U.S. automotive parts supplier Aptiv joined Samsung Electronics, German chipmaker Infineon, and Volkswagen Group premium brand Audi as a major shareholder in Austria’s TTTech Auto.
Unlike VW associate Argo AI, the Vienna-based firm doesn’t design algorithms to navigate cars through their environment. Instead it ensures mission-critical data circulates throughout the vehicle reliably and swiftly to minimize safety risks—an increasingly complex task as computing requirements of assisted and automated driving features soar.
“Think of us as a kind of orchestral conductor managing the flow of information,” chief executive Georg Kopetz told Fortune. “A sensor signal detecting a potential crash has to be assigned the highest priority in the car’s IT network, so a command can be sent to activate the brakes in just milliseconds.”
Much like ensuring an airplane’s electronics function under the most demanding fail-safe requirements, it’s the kind of inner plumbing that only gains notice when something goes wrong. Without being able to guarantee this level of safety, automakers will be loath to market automated driving features.

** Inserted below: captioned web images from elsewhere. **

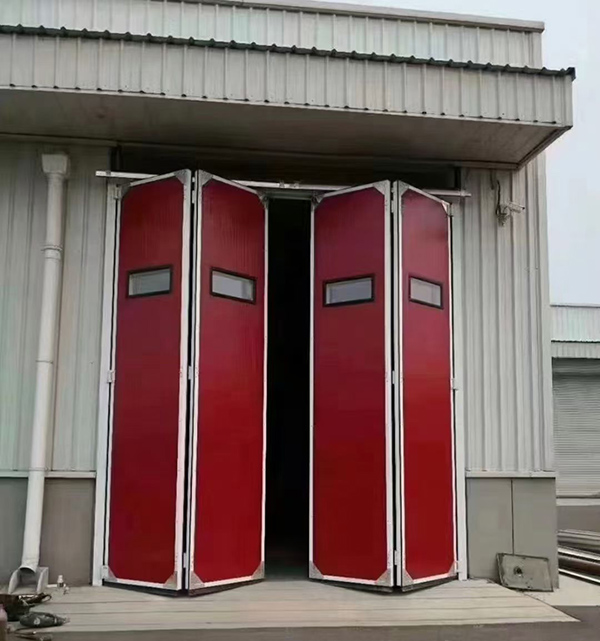 岷县工业折叠门在大型装配车间出入口的应用实例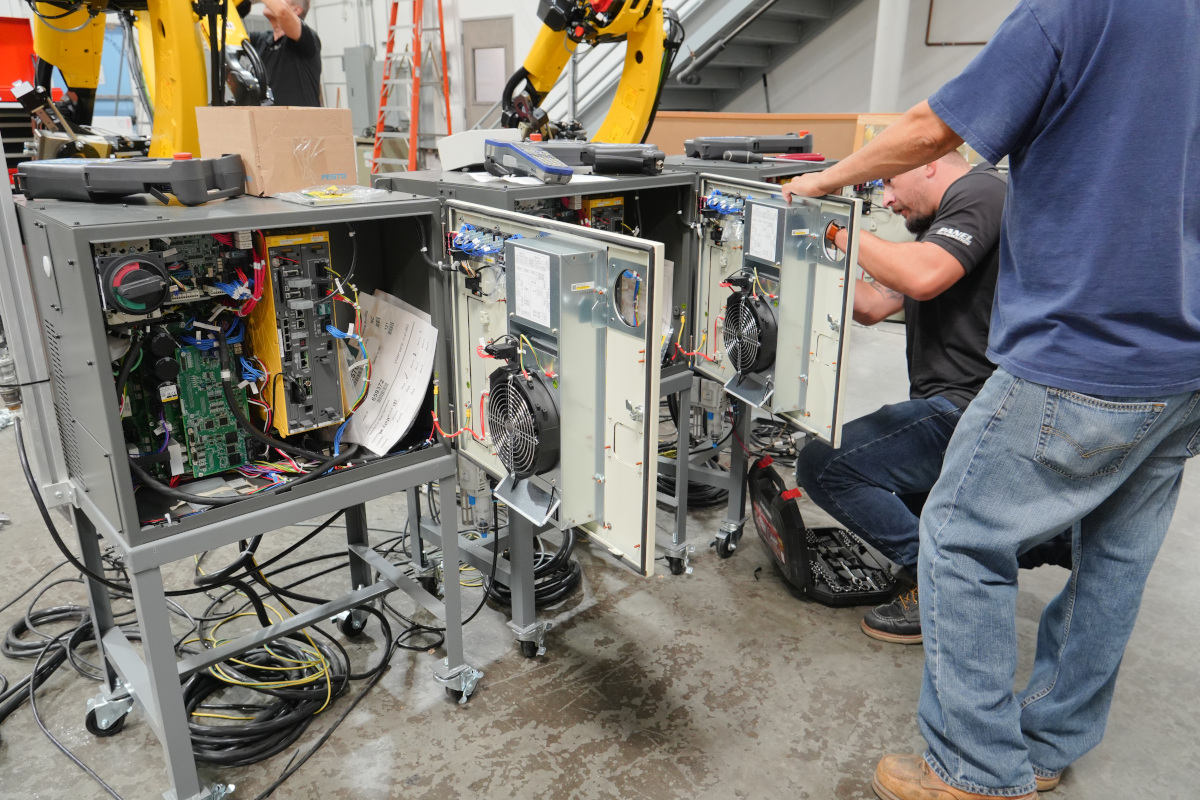 Industrial robot arm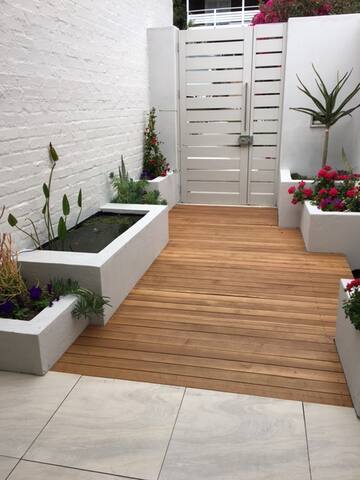 Hout Bay Restio – Near sea, mountains & vineyards gallery image 5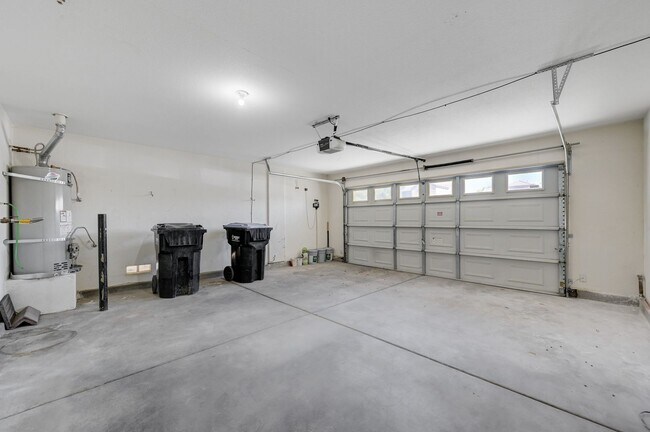 Building Photo - Single Family Home in N Las Vegas Aliante Area
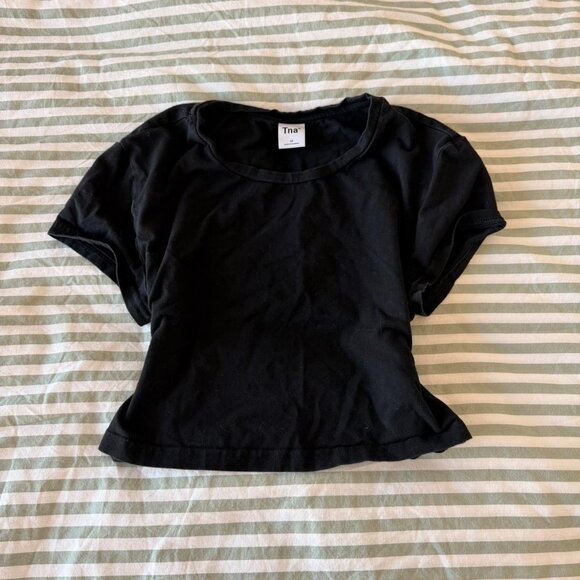 aritzia Tops - Black Cropped Tshirt Tna By 883 A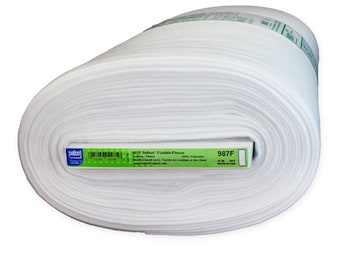 Pellon Fusible Fleece 987F / Black or White
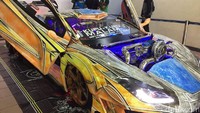 Mobil beroda 6 ini terpilih sebagai Raja Modifikasi Indonesia Automodified (IAM) MBtech yang diadakan di Bandung. Mobil merupakan hasil garapan bengkel langganan kontes modifikasi Kupu-kupu Malam. Foto: Dadan Kuswaraharja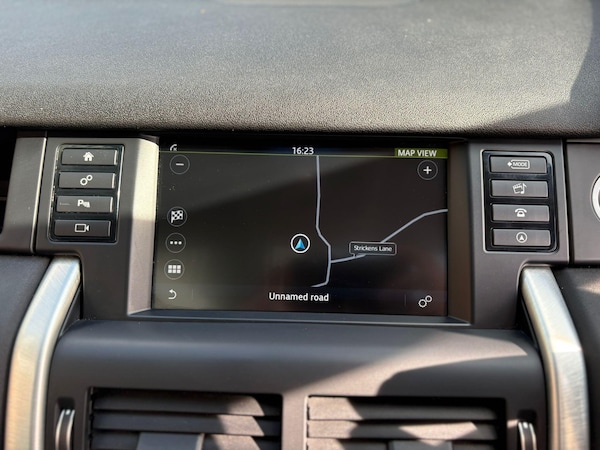 Used Land Rover Discovery Sport 2015 for sale - 75696274: Photo 33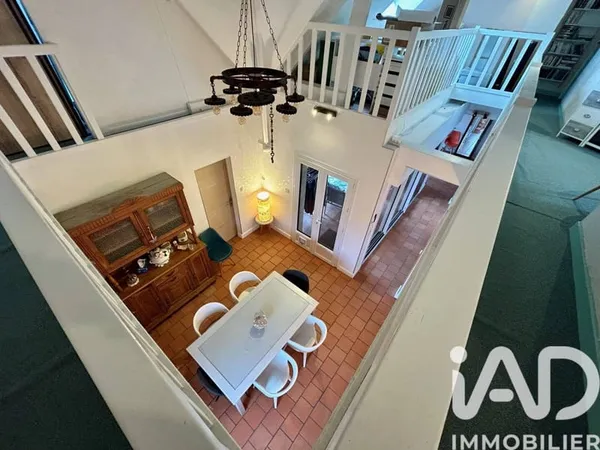 Maison de plain-pied 6 pièces 156 m²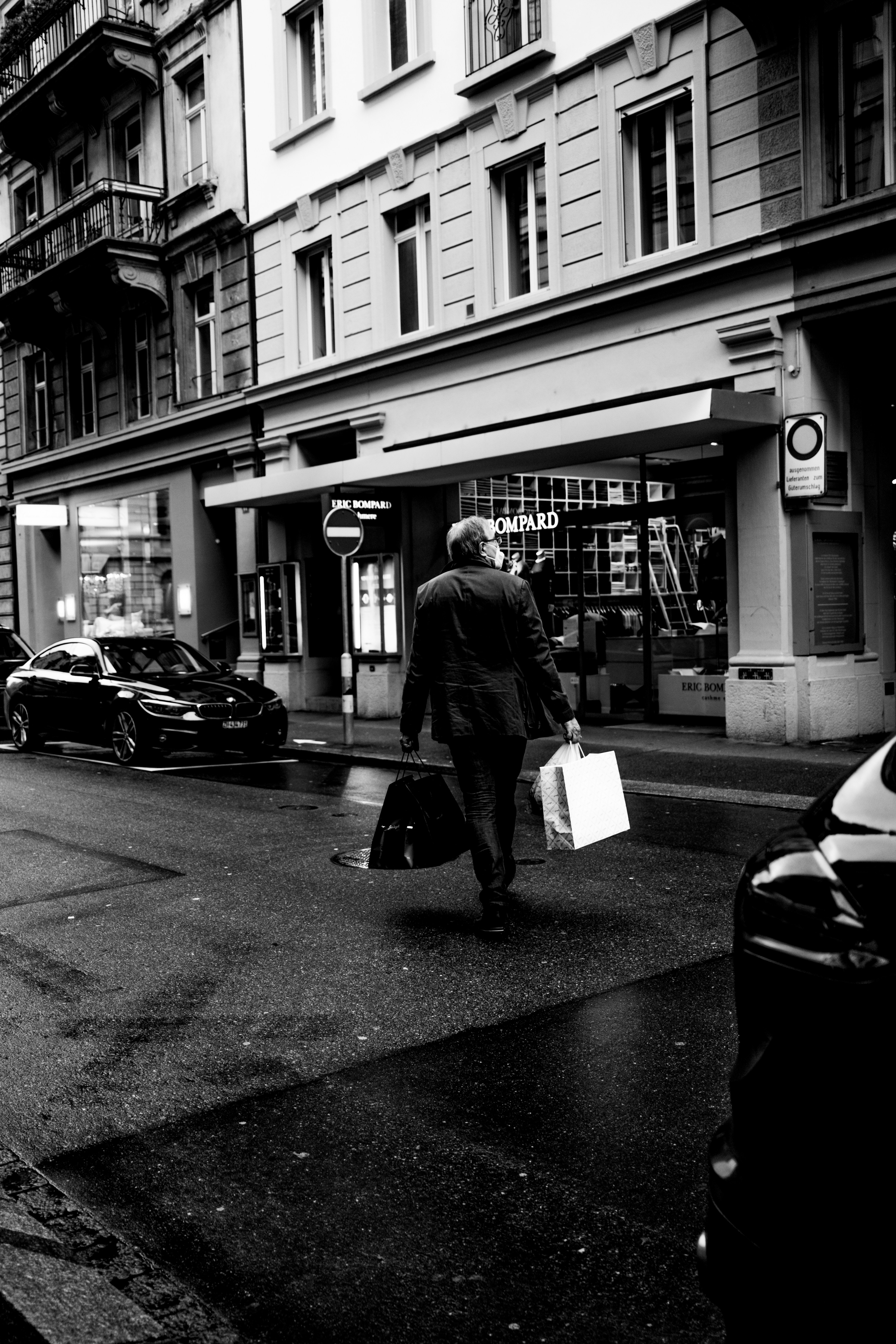 photo-1607768189496-e307ec066761?ixid=MnwxMjA3fDB8MXxzZWFyY2h8ODJ8fGJhZ3N8ZW58MHx8fHwxNjE3OTM2Mzg0&ixlib=rb-1.2.1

Its main product is MotionWise, a software program akin to an operating system. It is designed to be microprocessor agnostic while simultaneously meeting the highest industry IT fail-safe standard known as ASIL-D.

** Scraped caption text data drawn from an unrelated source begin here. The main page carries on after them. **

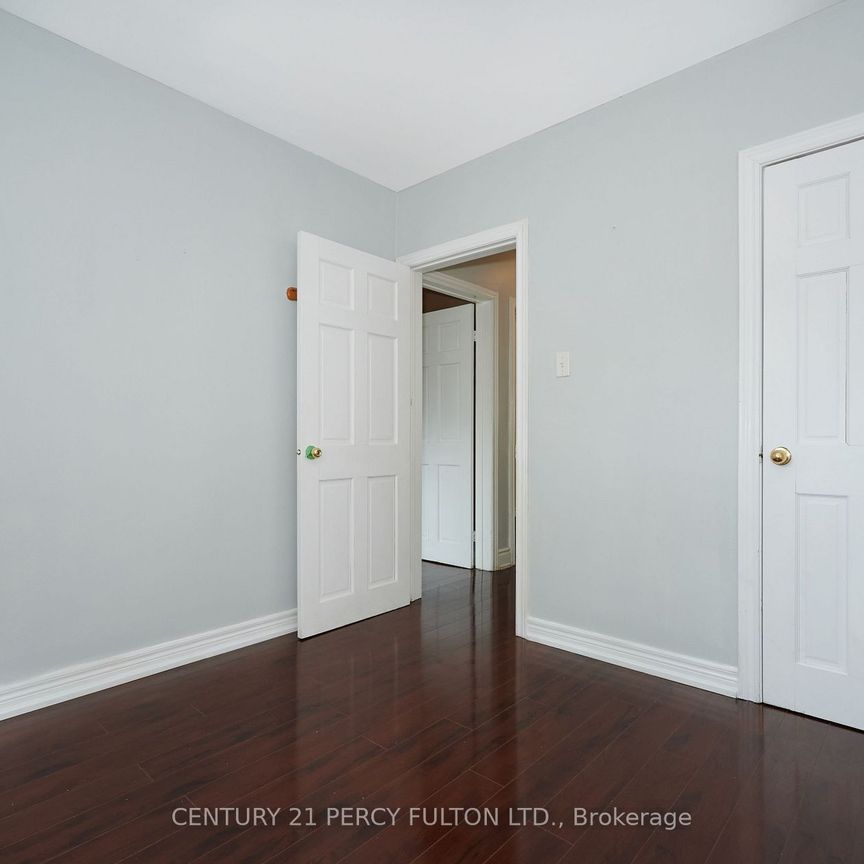 For Lease - 2961 Lawrence Avenue, Toronto, Ontario - Photo 1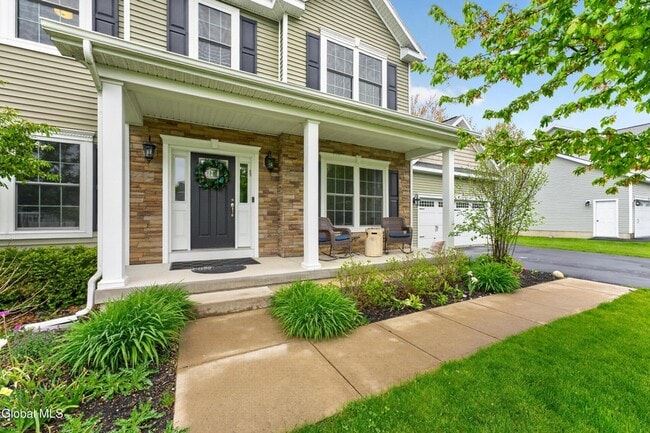 Photo - 4 Fenlon Ln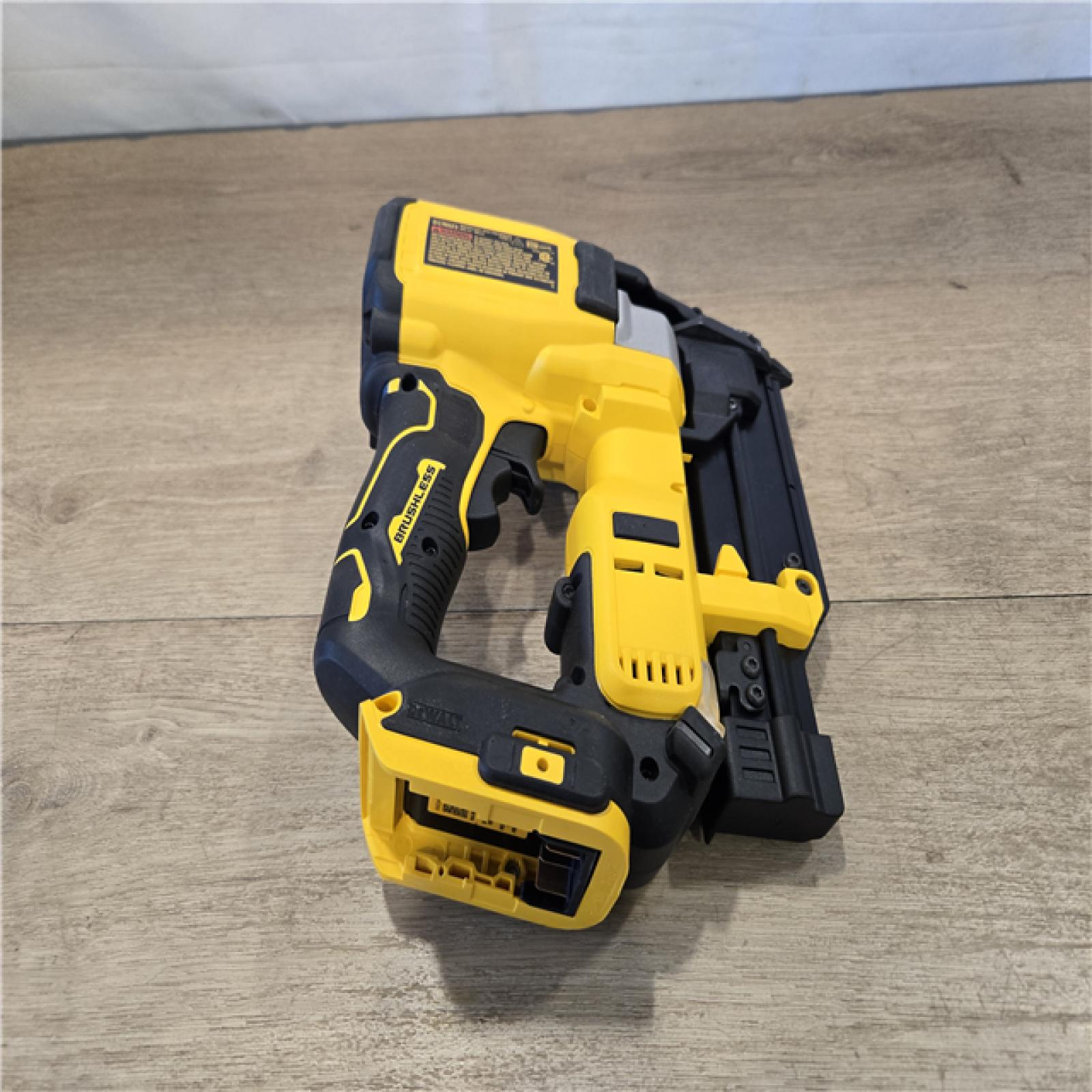 AS-IS DEWALT ATOMIC 20V MAX Lithium Ion Cordless 23 Gauge Pin Nailer Kit
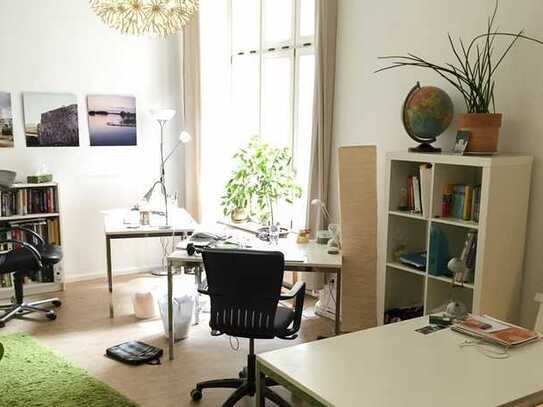 Free desks / freie Arbeitsplätze in hellem Medienbüro in Prenzlauer Berg - All-in-Miete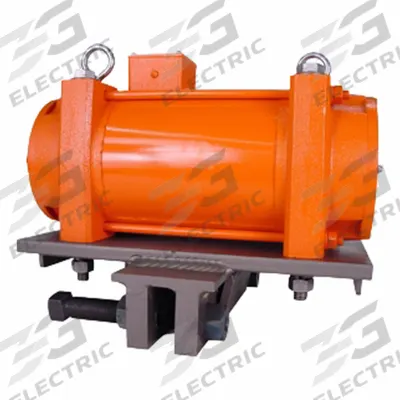 VIBCO Electric Vibrator: VMC Series, 2,500 lbf, 575V, 1.1 A, 3,600 vpm - Railcar Electric Vibrators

That means its software can be continuously developed to include new features and remotely updated, independent of the hardware on which it runs. Once in operation, information packages can then be shifted back and forth seamlessly between processing cores depending on their safety priority. Data from the airbag control unit would be more important than that of an infotainment system like a center console display.
This allows automakers to pick and choose their chip suppliers—whether Intel, Qualcomm, Nvidia, or Samsung—depending on their computational needs, without problems arising in software integration.
“Decoupling the software from the computing core makes it quicker to deploy to the fleet and easier to scale,” Kopetz said. “This is called abstraction, and a similar approach can be found, for example, with VMware in the server industry.”
‘Democratize’ automated driving
Aptiv, Audi, and TTTech Auto have collaborated before, with the trio teaming up to develop the Audi A8’s central brain, initially designed to power unsupervised “eyes-off” driving in late 2017.
The feature was so advanced at the time that it would take regulators until June 2020, nearly three years later, before there was even a method to approve the feature for sale, so it never came to deployment.
The investment, split with 20% from Audi and 80% from new shareholder Aptiv, values the company at $1 billion, according to J.P. Morgan, TTTech Auto’s financial adviser on the deal.
Aptiv CEO Kevin Clark said the investment would accelerate development, testing, and validation of its automotive products, enabling the company to help “democratize advanced safety systems faster and at a lower cost.”
The key word is democratize: Currently any vehicle offering even unsupervised automated driving is out of the price range of all but the most affluent car buyers.
Once you get to robotaxis like the Cruise Tostada currently roaming the streets of San Francisco, the cost becomes prohibitive owing to the amount of sensors, compute power, and redundancies built into the vehicle.